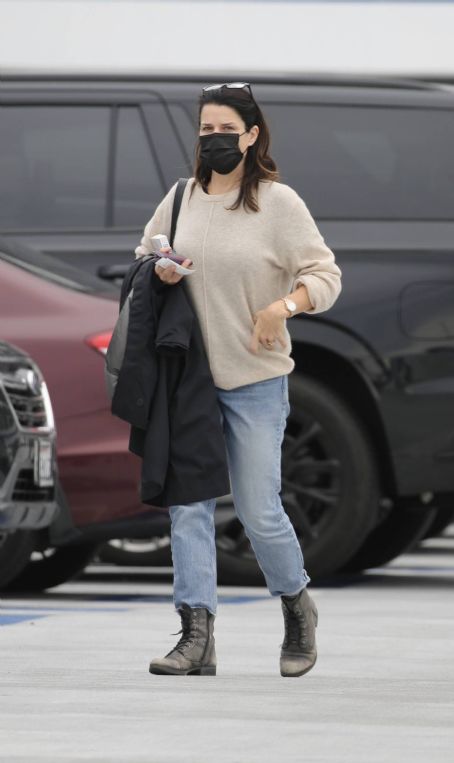 Who is Neve Campbell dating? Neve Campbell boyfriend, husband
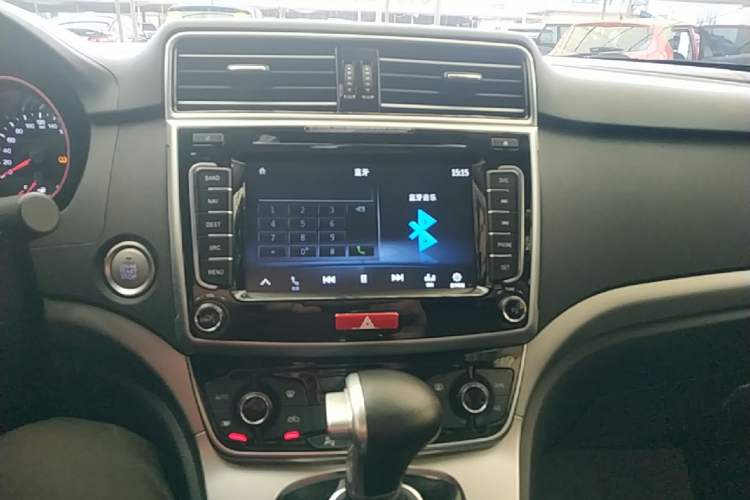 Used Haval M6 2017 1.5T Automatic Two-Wheel Drive Elite Model Audio And AC Panel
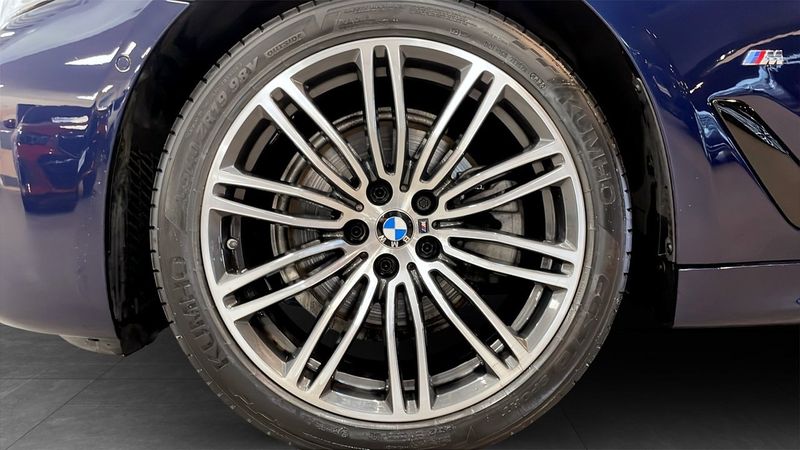 BMW 520 bild 9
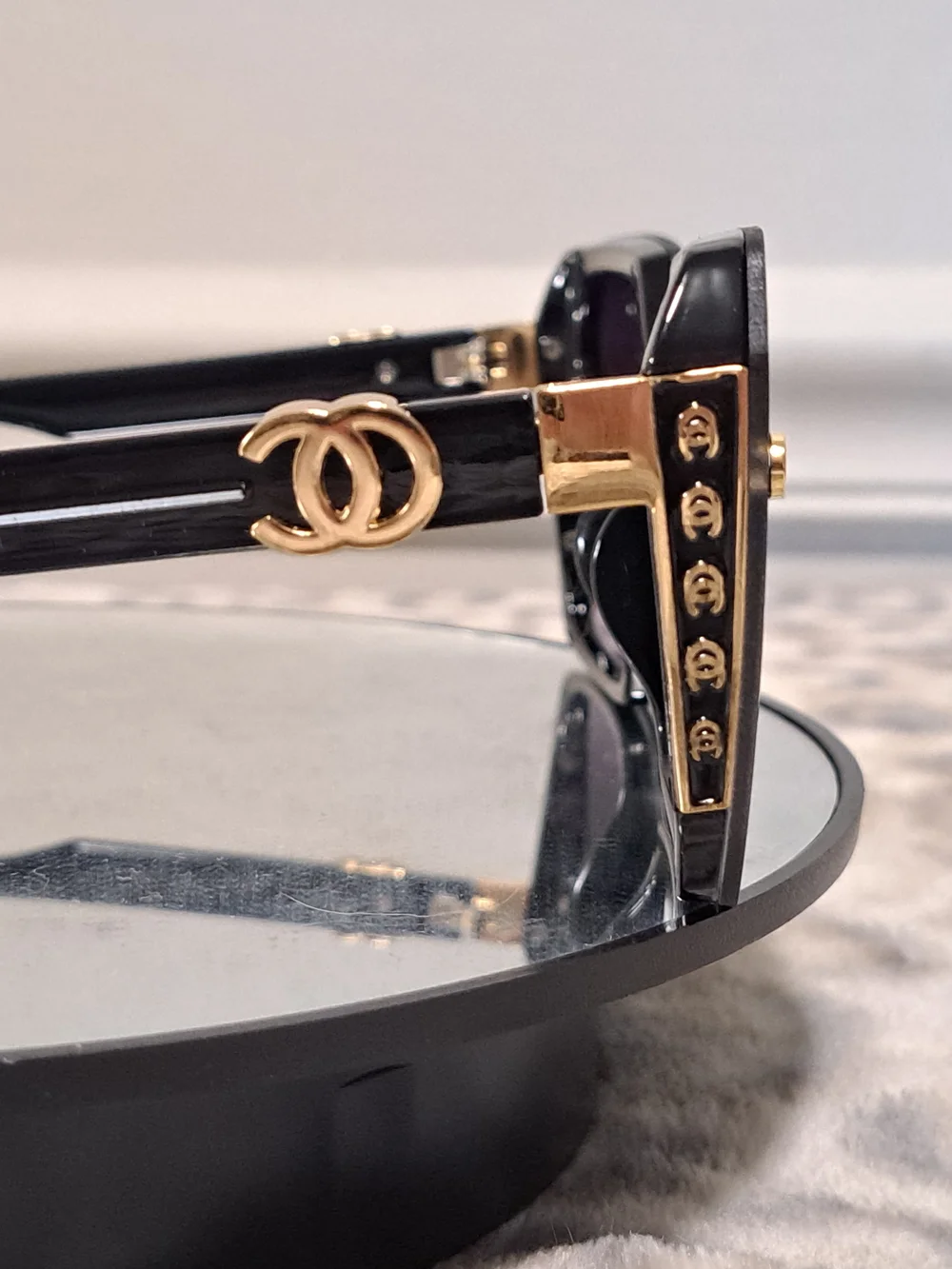 Fashion Designer-Inspired Black Square Sunglasses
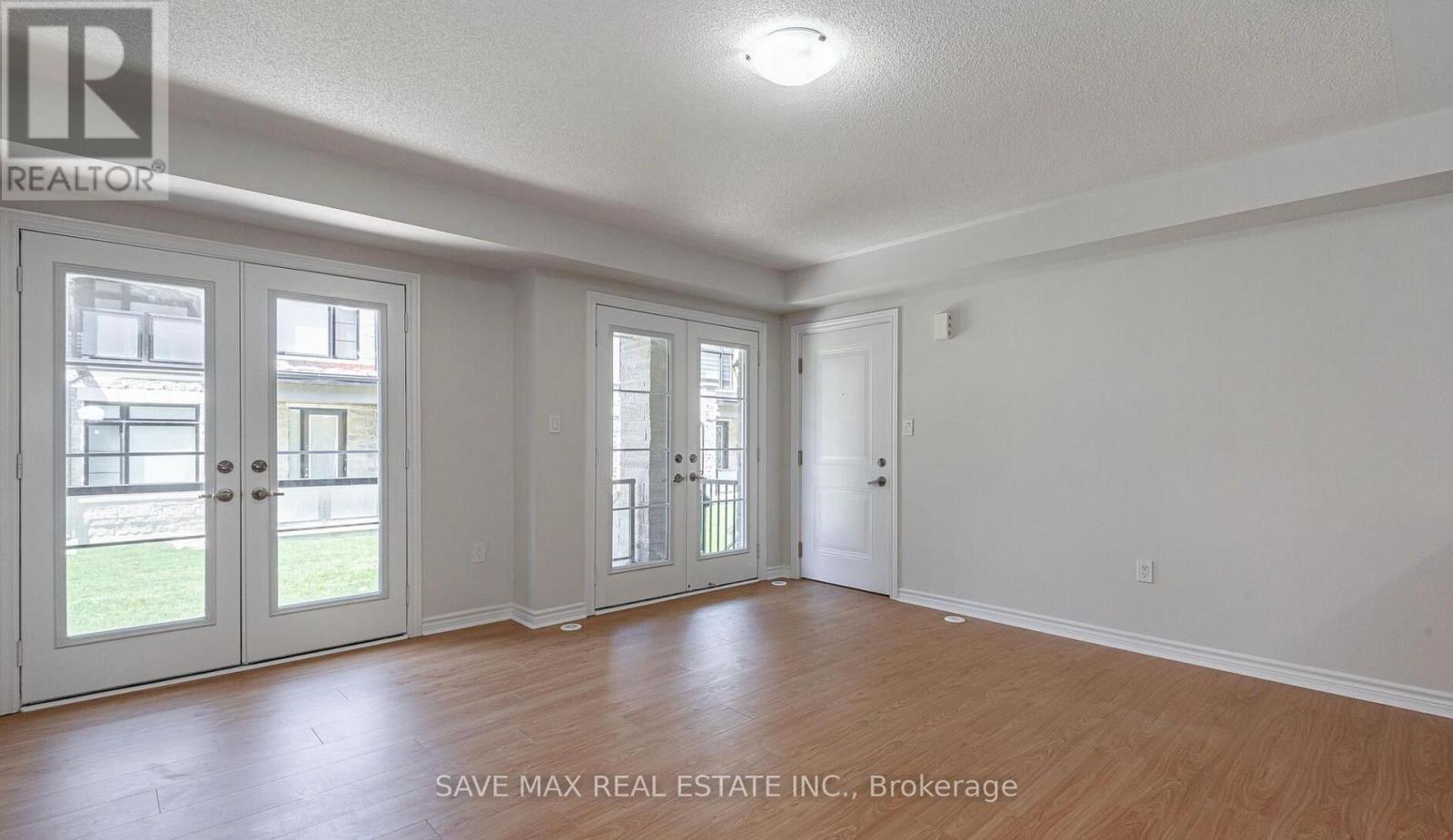 18 - 200 Veterns Drive, Brampton, Ontario  L7A 4S6 - Photo 6 - W12482767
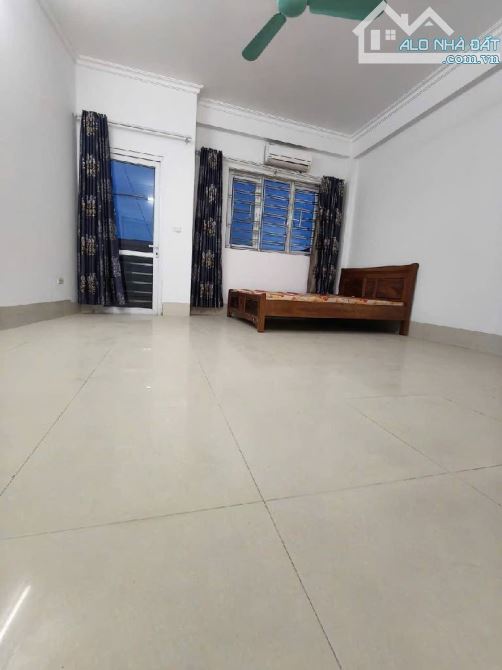 NHÀ TRONG NGÕ PHỐ VIỆT HƯNG 72 M2 , MT 4 M NỞ HẬU CÂN ĐỐI RẤT ĐẸP, NHÀ 6 TẦNG 9,8 TỈ - 1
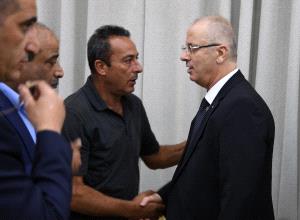 الحمد الله يقدم واجب العزاء بالشهيدة الرابي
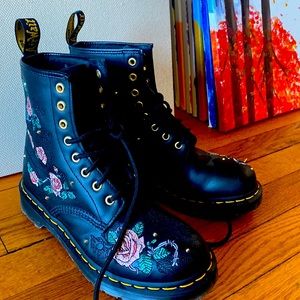 Size 7 Doc Marten 1460s Floral Print (new)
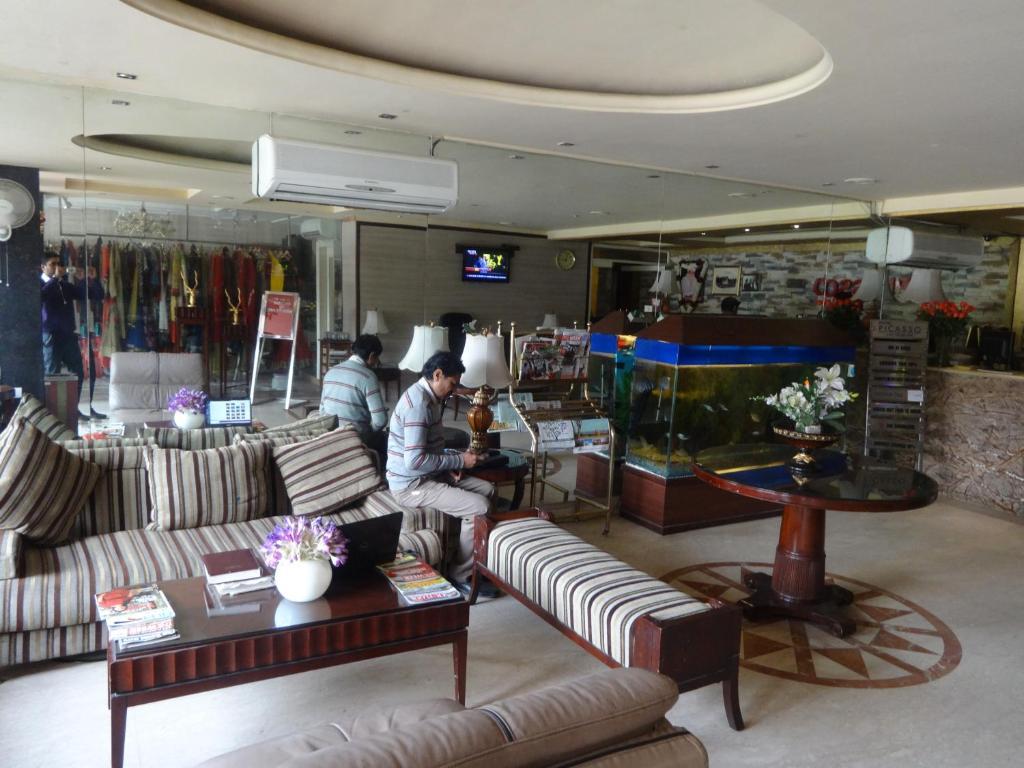 The Picasso Residency - Naraina New Delhi 호텔 외부 사진
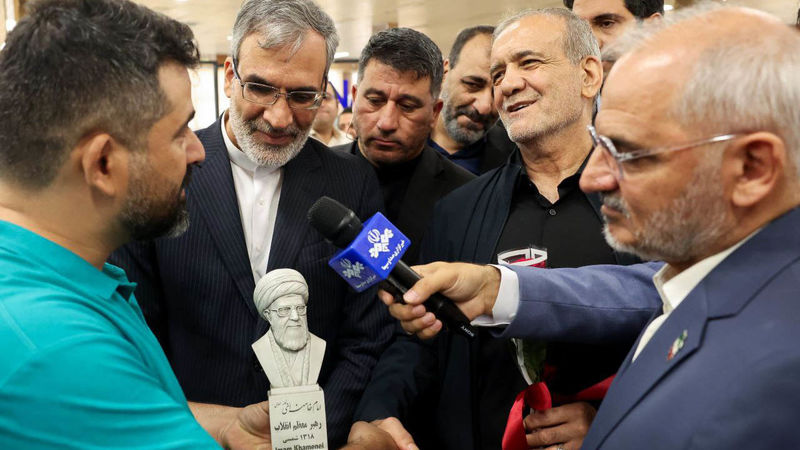 مسعود پزشکیان پیش از ظهر امروز شنبه ۱۸ مرداد، به مناسبت روز خبرنگار ، ضمن حضور در خبرگزاری جمهوری اسلامی، در جمع خبرنگاران و اصحاب تحریریه
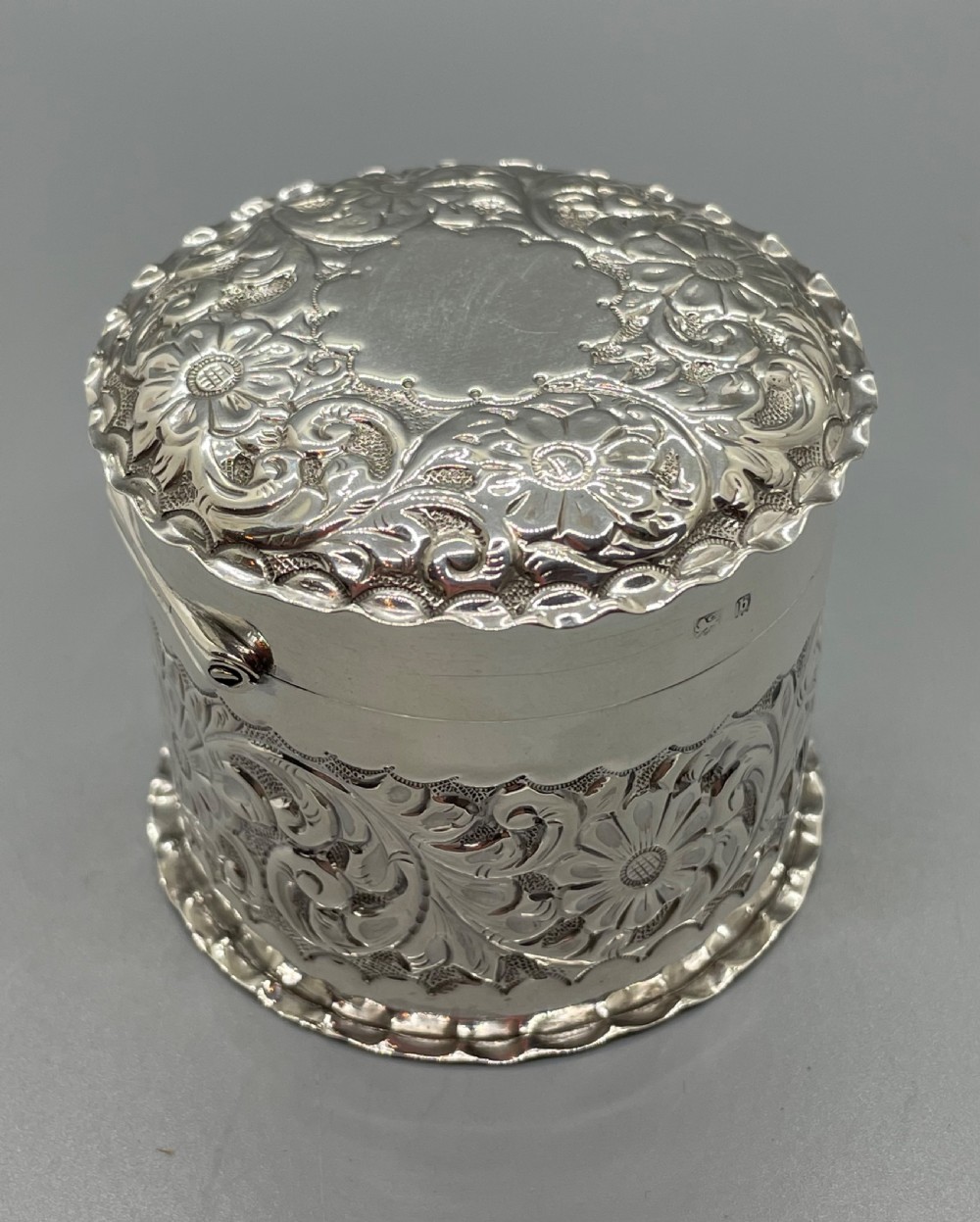 Late Victorian silver box Birmingham 1901 View V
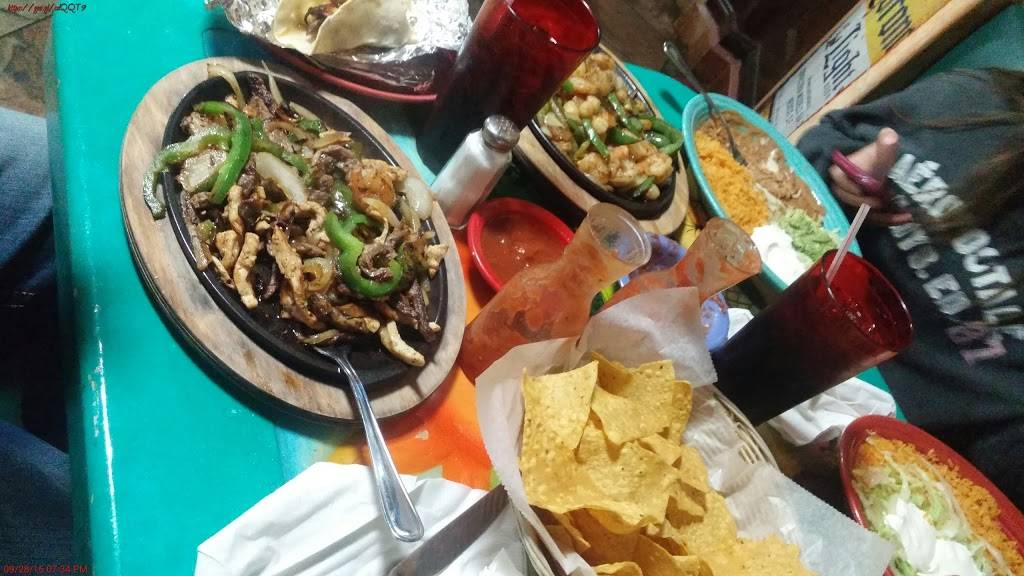 Don Tequillas | restaurant | 430 N Cochran Ave, Charlotte, MI 48813, USA | 5175436484 OR +1 517-543-6484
=-=-=-=-=
- _YOUR INSTRUCTIONS_: Only the lines from the top of the material through the line containing "18 - 200 Veterns" should be written out, exactly and without pictures.

- _RESPONSE FOR THIS EXERCISE_:
 Who is Neve Campbell dating? Neve Campbell boyfriend, husband
 Used Haval M6 2017 1.5T Automatic Two-Wheel Drive Elite Model Audio And AC Panel
 BMW 520 bild 9
 Fashion Designer-Inspired Black Square Sunglasses
 18 - 200 Veterns Drive, Brampton, Ontario  L7A 4S6 - Photo 6 - W12482767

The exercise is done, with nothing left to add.